The post enumerates the most common IRs in the wild:

Striga targets LLVM IR. The author’s justification is pragmatic: the ecosystem is already huge, the optimisation passes are already written, and large compiler teams keep them maintained. Anything an analysis pipeline wants to do after lifting — dead-store elimination, mem2reg, value propagation, constant folding — comes for free from opt.

Architecture: a CPU as an LLVM Struct

The architecture borrows heavily from Remill but trims everything not strictly needed. The central trick is that LLVM IR registers are SSA values — assignable exactly once — while CPU registers are mutable. The standard workaround is to model CPU registers as members of an in-memory State structure, then let LLVM’s mem2reg pass turn the loads and stores back into proper SSA after lifting:

struct State {
  uint64_t rax;
  uint64_t rbx;
  uint64_t rcx;
  uint64_t rdx;
  // ... GPRs
  uint8_t cf;
  uint8_t zf;
  uint8_t of;
  // ... Flags
  // ... XMM
};

One detail worth highlighting: flags are modelled as independent uint8_t registers rather than packed bits inside RFLAGS. This makes flag updates easier for the optimiser to track and dead-store-eliminate. A separate opaque memory pointer is passed alongside state so the lifter can distinguish “load/store of a CPU register” from “load/store of x86 memory”. The lifted function prototype is therefore void lifted(State* state, void* memory); brightening (later in the post) turns that wrapper into a normal function for the target calling convention.

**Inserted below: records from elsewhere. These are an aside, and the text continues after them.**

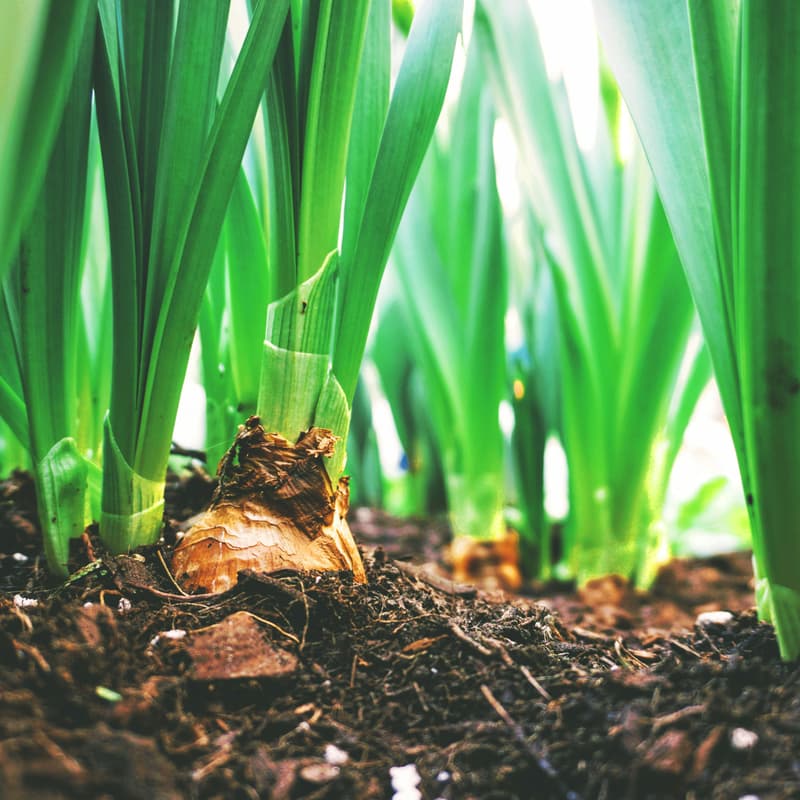 Cover Image for Bioeconomy: Pathways to Sustainable Future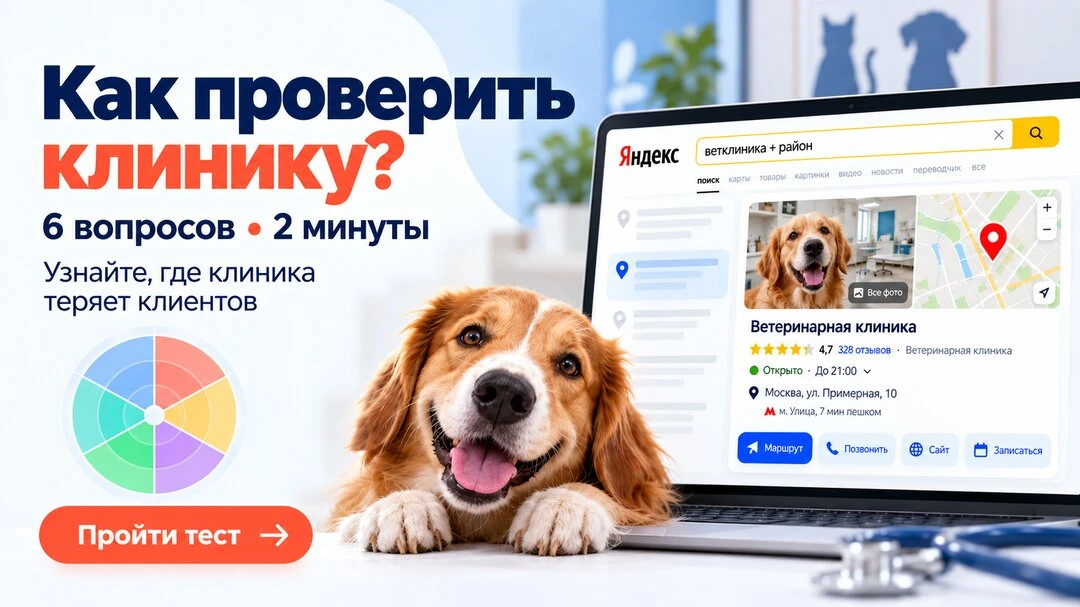 Аудит ветклиники за 30 минут. Где теряете пациентов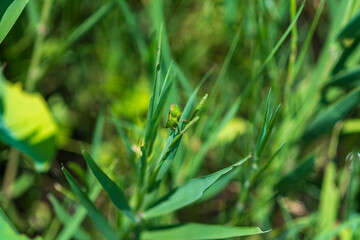 Small green grasshopper hiding in the grass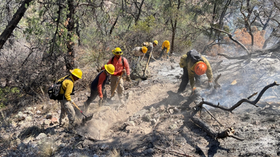 Gobierno de Sonora combate incendio forestal en Agua Prieta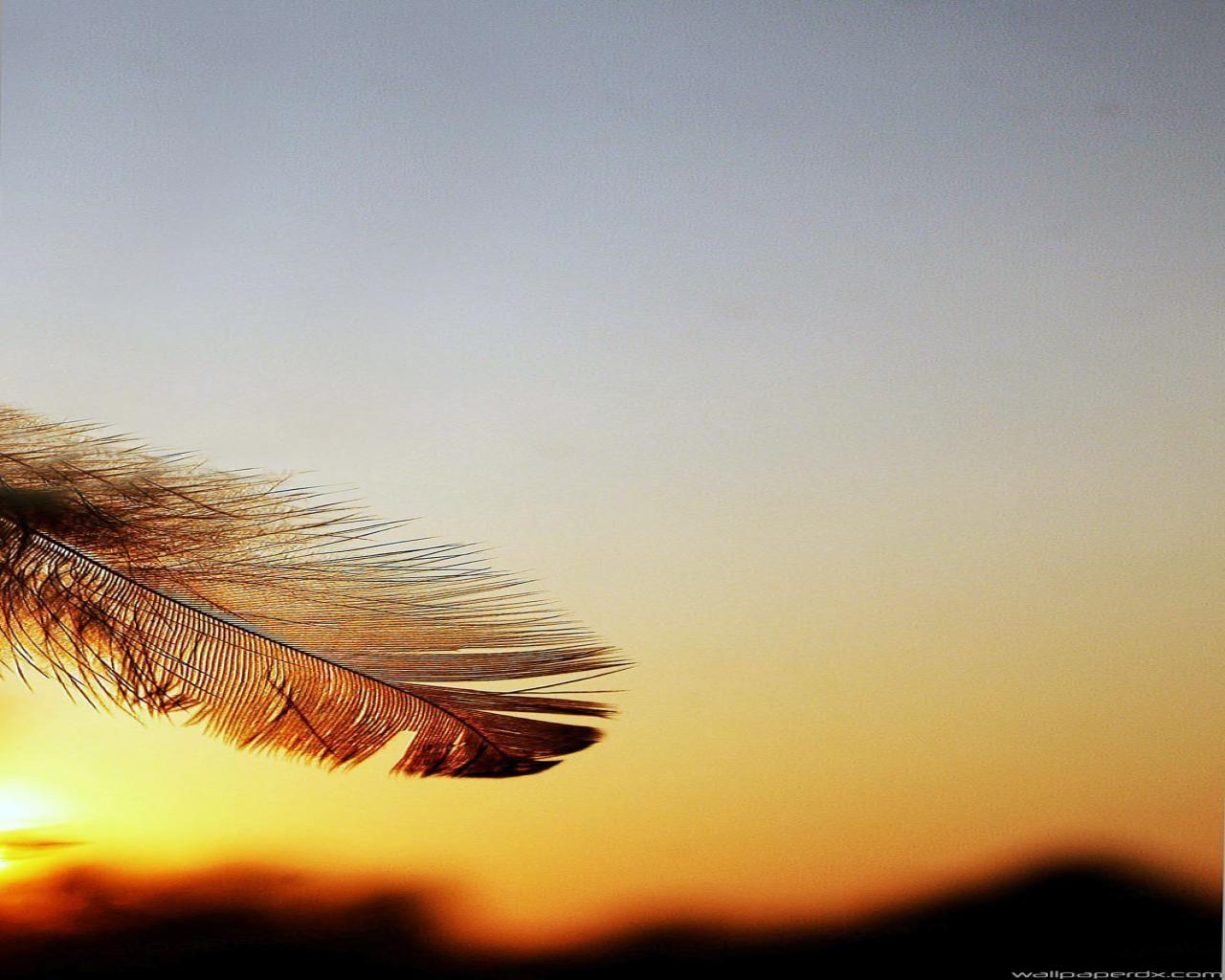 Samsung Galaxy Note 3 Stock Feather Sunset Full HD Android Wallpaper
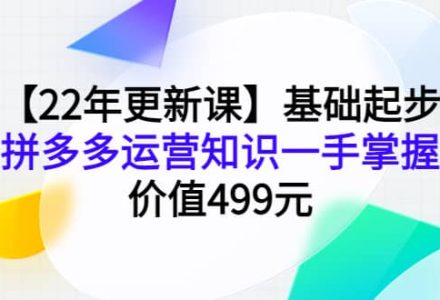 【22年更新课】基础起步，拼多多运营知识一手掌握，价值499元-创艺项目网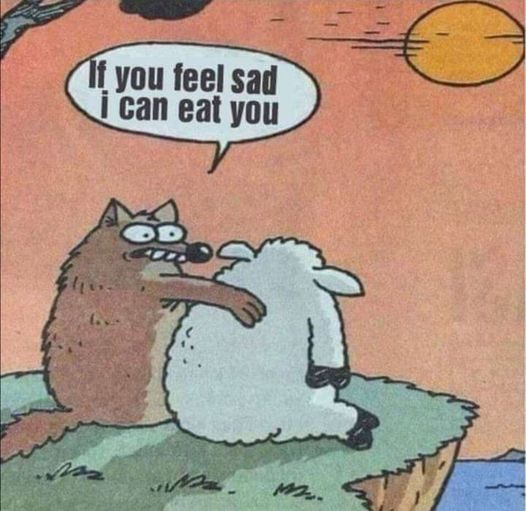 Irena Buzarewicz (@irenabuzarewicz) on Twitter photo 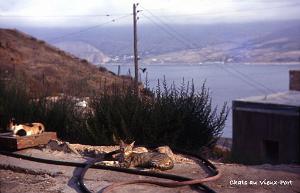 MERS EL KEBIR B LES CHATS DU VIEUX PORT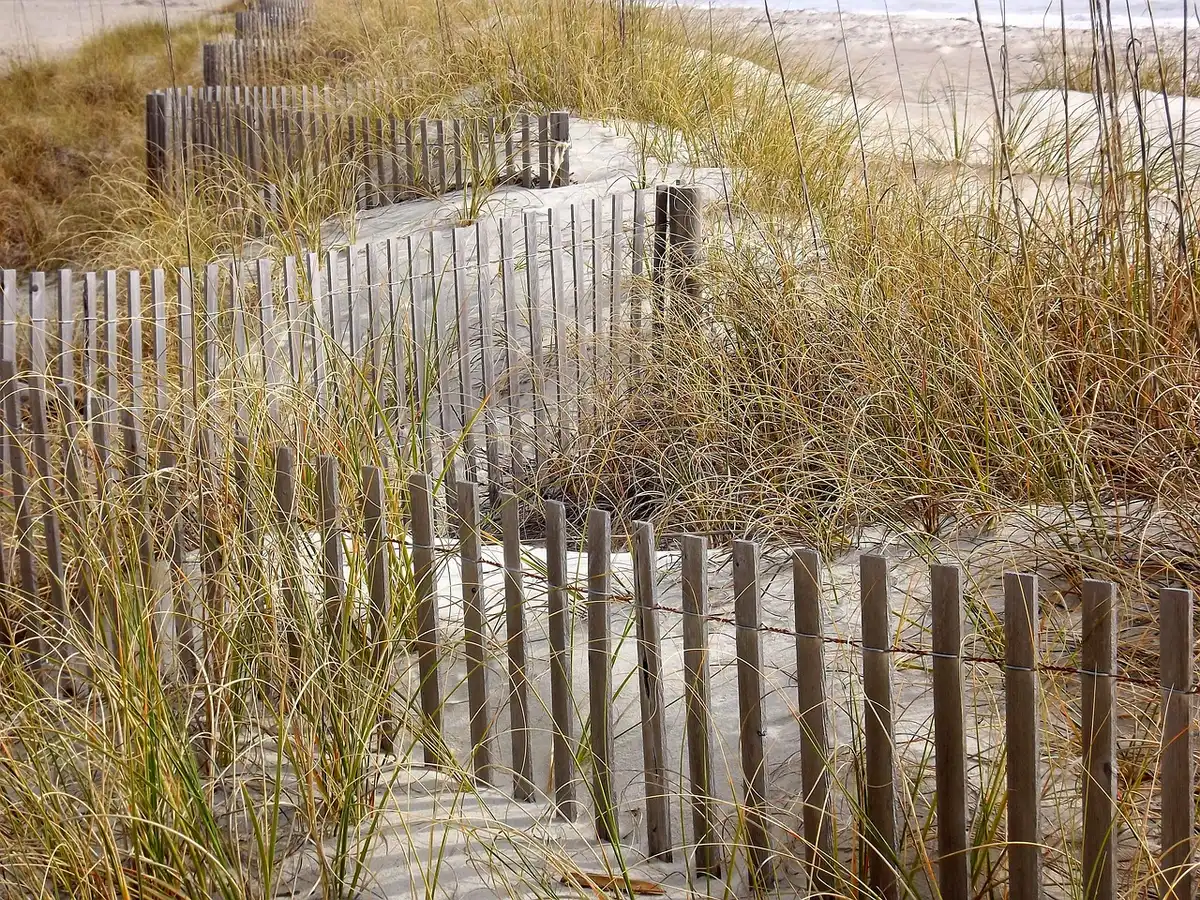 Paysage côtier avec dunes de sable et végétation littorale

Here is the LLVM IR emitted for the trivial mov rax, rcx, with the relevant pseudo-C transliterated as comments:

define internal void @lifted_0x140001000(ptr %state, ptr %memory) {
initialize:
  ; uint64_t* rcx = &state->rcx;
  %rcx = getelementptr inbounds nuw %State, ptr %state, i32 0, i32 2

  ; uint64_t* rax = &state->rax;
  %rax = getelementptr inbounds nuw %State, ptr %state, i32 0, i32 0

  ; Jump to the first instruction
  br label %insn_0x140001000

insn_0x140001000:                                 ; preds = %initialize
  ; uint64_t v0 = *rcx;
  %0 = load i64, ptr %rcx, align 4

  ; *rax = v0;
  store i64 %0, ptr %rax, align 4

  ; Jump to the next instruction
  br label %insn_0x140001003

insn_0x140001003:                                 ; preds = %insn_0x140001000
  ; Block terminator to keep the IR valid
  ret void
}

The initialize block grabs pointers into the State’s relevant members. Every lifted instruction then occupies its own basic block named insn_<addr>, and is responsible for emitting an unconditional branch to its successor. Each successor block is pre-created with just a ret void terminator so the module verifier never sees an empty block.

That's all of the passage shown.